Nulls Decoder
In this step, we will add missing entries to decoded columns. One thing to note is that the data
page doesn’t include the missing entries in its encoded data (even though num_values still refers
to the total values in a page).

Task
add_nulls_entries
Implement the add_nulls_entries function in src/nulls.rs. It takes a null map, a decoded vector
of Scalar, and returns a new vector of Scalar containing null entries.
pub fn add_nulls_entries(
is_present: &[bool],
scalars: Vec<Scalar>,
parquet_type: Type,
) -> Result<Vec<Scalar>> {
todo!("step11-02: handle nulls in a column")
}
To create a null Scalar, you might find the scalar_null helper useful.
read_column
Update the read_column function to handle null values.

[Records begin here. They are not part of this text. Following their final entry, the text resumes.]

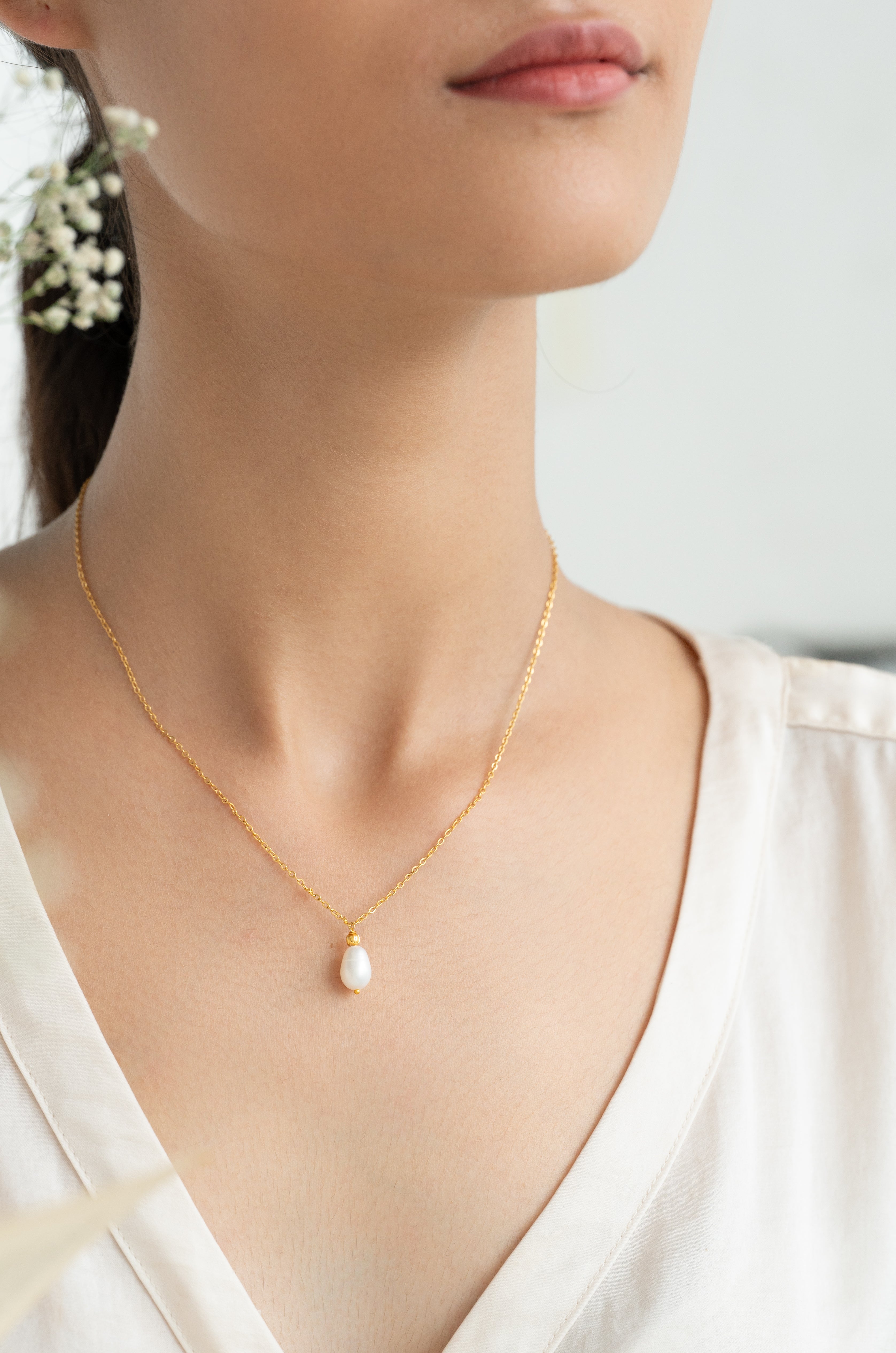 Gold Pearl Drop Pendant Minimal Necklace for Women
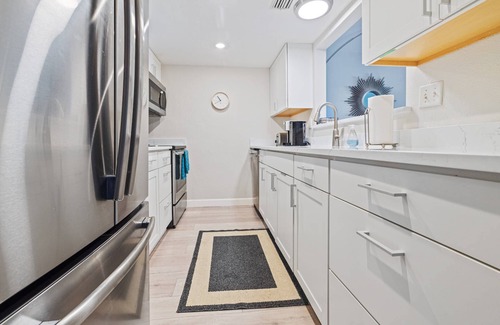 Tarpon Springs Condo | Waterfront Condo w/Heated Pool, Pier & Sunset Views – Walk to Dunedin Causeway & Honeymoon Island!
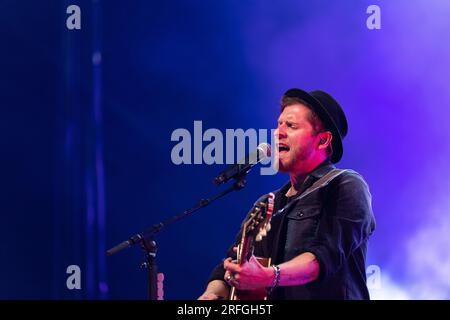 Johannes Oerding auf seiner Plan-A Tour AM 06.04.2023 nella der Rudolf Weber Arena di Oberhausen Foto Stock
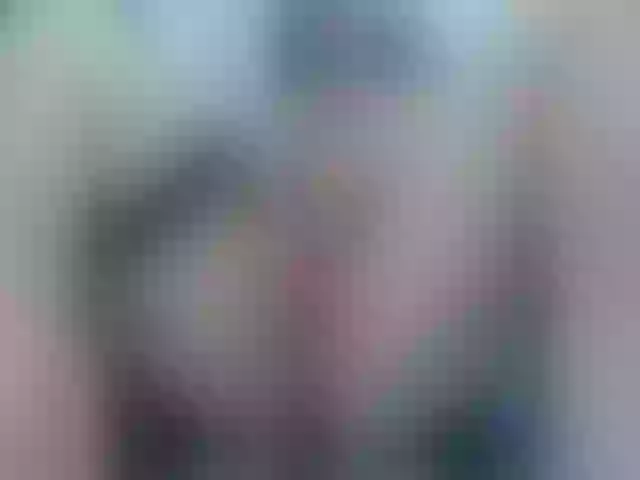 Live sex webcam photo for BeautyM27 #265532086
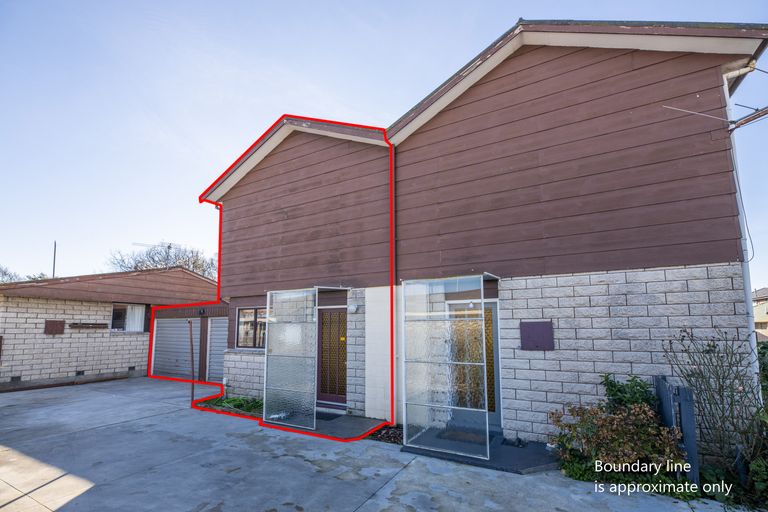 Photo of property in 3/14 Peer Street, Upper Riccarton, Christchurch, 8041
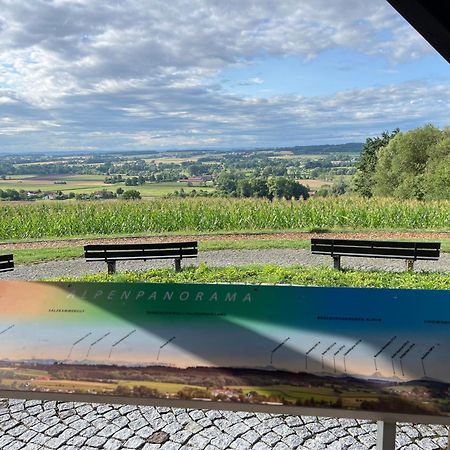 Wunderschoenes Apartment Mit Bademantelgang Zur Wohlfuehltherme Bad Griesbach  Buitenkant foto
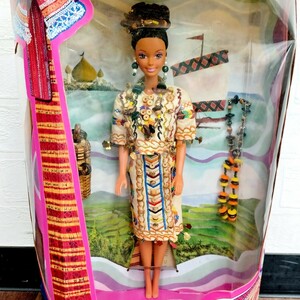 5 ★未使用品★ ETHNIC Barbie エスニック バービー A FANTASY OF ETHNIC COLLECTION バービー人形 フィリピン 人形 ドール 箱付き WK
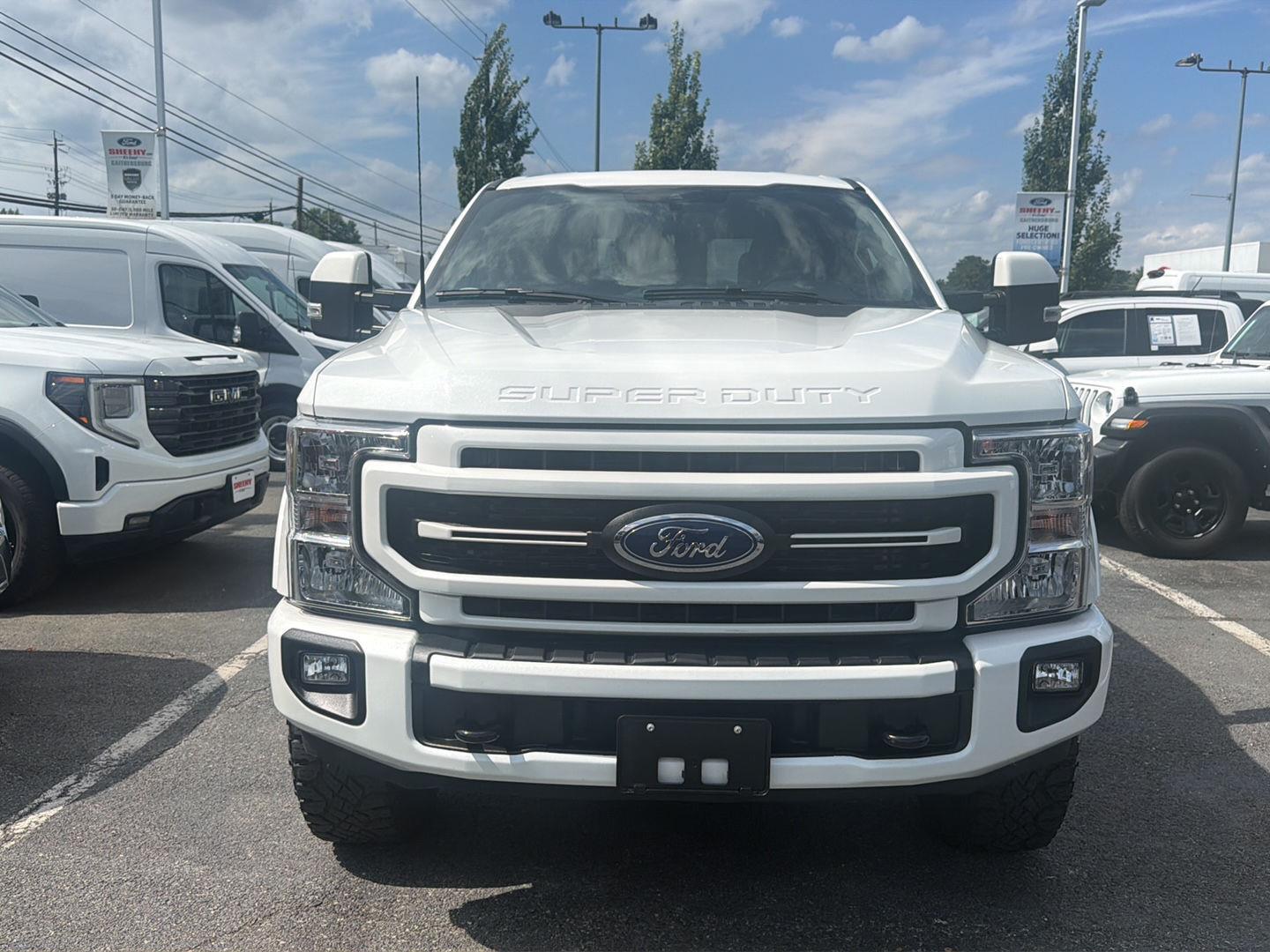 Used 2022  Ford LARIAT image 11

You should compute the null map and add
missing entries to the decoded column.
pub fn read_column(data: Bytes, column_chunk: &ColumnChunk) -> Result<Column> {
// ...
}
The decode_page function needs the actual number of values encoded in a page to decode the data.
However the num_values in the page header is the total number of values including nulls. You must
handle them correctly when decoding a page.
Test
Test case for this step is step11_02_nulls_decoder.
Hints and Solution
Solution
add_nulls_entries:
pub fn add_nulls_entries(
is_present: &[bool],
scalars: Vec<Scalar>,
parquet_type: Type,
) -> Result<Vec<Scalar>> {
let mut scalars = scalars;
scalars.reverse();
let mut result = Vec::with_capacity(is_present.len());
for present in is_present {
if *present {
result.push(scalars.pop().with_context(
|| "add_nulls_entries: scalars is empty! the nulls map isn't correct",
)?);
} else {
result.push(Scalar::null(parquet_to_polars_type(parquet_type)))
}
}
Ok(result)
}
read_column:
pub fn read_column(data: Bytes, column_chunk: &ColumnChunk) -> Result<Column> {
// ...
for page in pages.data_pages {
// compute the null map from the definition levels
let is_present = decode_definition_levels(&page)?;
// compute the actual number of values encoded in a page
let num_values = is_present.iter().filter(|v| **v).count();
let decoded_scalars = decode_page(&page, column_metadata.type_, num_values)?;
let decoded_scalars =
add_nulls_entries(&is_present, decoded_scalars, column_metadata.type_)?;
scalars.extend(decoded_scalars);
}
// ...
}